I can see this being useful in a home situation as well. I have a crazy amount of pictures and pretty lazy attempt at a backup solution. I'd be willing to bet it would save me 100GBs of the TB worth of data I have.

bulk
bulk

for quite a few releases. It's known as "single-Instance Store" and was, I believe, around in W2K3 server times. As far as I know, it's not a bought-in or third-party solution. It only ever appeared as "Windows Storage Server" and was sold as an OEM to hardware vendors offering NAS-like storage boxes.

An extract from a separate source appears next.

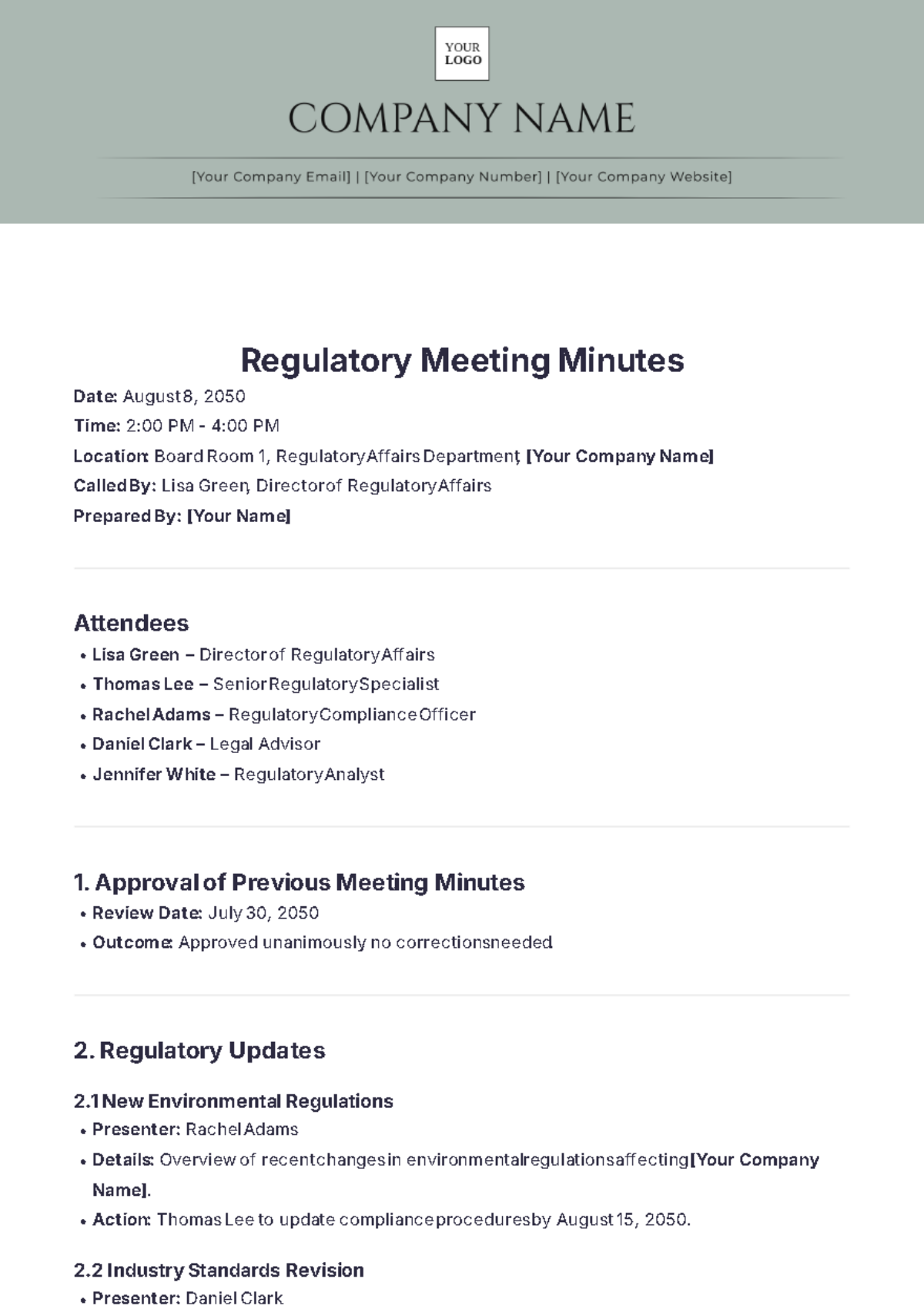 Regulatory Meeting Minutes Template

With Windows Server 2008R2 it's just an extra DVD containing the feature (or role, I don't remember) that you install after a normal server installation. I'm running it on my main data server, which has duplicated music, photo and image files and it seems to work well. I've simply "forgotten it's there". RS

ChrisHyche@AlabamaOne.Org
ChrisHyche@AlabamaOne.Org

Windows Home Server 1 has dedup. Though it is just in the backup system and not a whole file system.

pgit
pgit

I do tweak some systems for musicians that have many TB of data, I suppose I could consider them a "home" type system, they're just playing with it because they can. I'm pretty sure a few folks I know have a substantial enough data set to warrant looking into this. One problem off the top of my head is the people I can think of that have a ton of music, movies or what have you, are running Linux :p I will dork with this in the lab and at least get myself familiar.

SmartyParts
SmartyParts

Block-level Deduplication is far more efficient. We see about an 18% dedup level on SIS stores at our office. Testing with Block Level Dedup on a VMware storage NAS is hititng 90%+. Note this testing was with OpenDeDup, not the windows solution, but I feel the results should be similar.